Data provided Start Marker
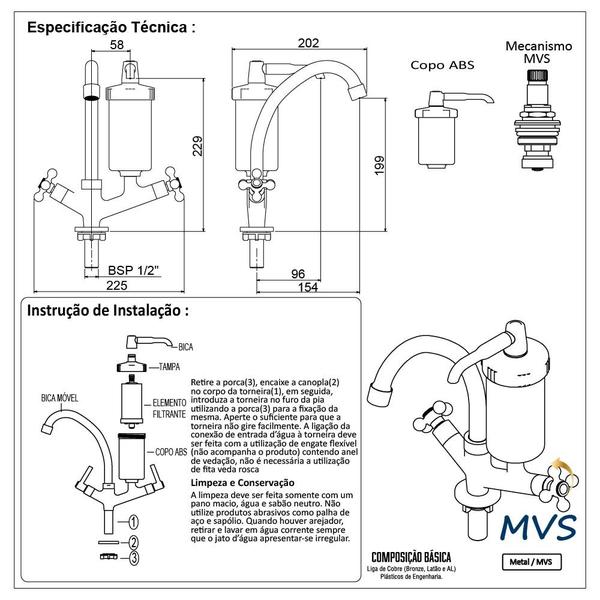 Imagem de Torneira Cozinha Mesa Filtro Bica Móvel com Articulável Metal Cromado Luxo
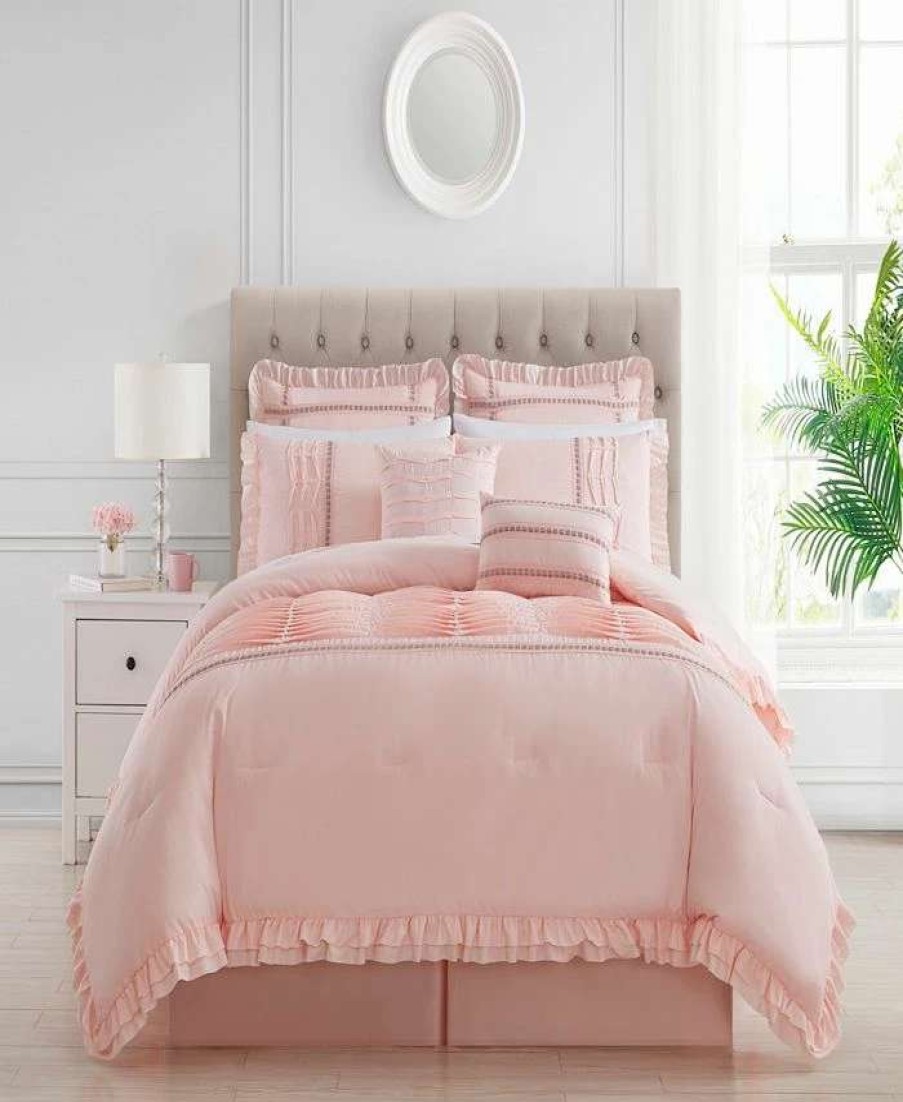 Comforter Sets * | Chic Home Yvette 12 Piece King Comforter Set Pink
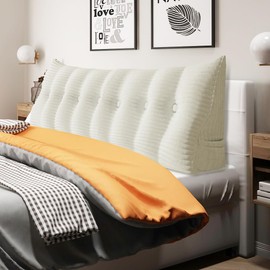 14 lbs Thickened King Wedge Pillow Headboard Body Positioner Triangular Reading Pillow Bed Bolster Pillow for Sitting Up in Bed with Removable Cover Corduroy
Data provided End Marker
Restate all of the material word for word. Keep out every picture.

 Imagem de Torneira Cozinha Mesa Filtro Bica Móvel com Articulável Metal Cromado Luxo
 Comforter Sets * | Chic Home Yvette 12 Piece King Comforter Set Pink
 14 lbs Thickened King Wedge Pillow Headboard Body Positioner Triangular Reading Pillow Bed Bolster Pillow for Sitting Up in Bed with Removable Cover Corduroy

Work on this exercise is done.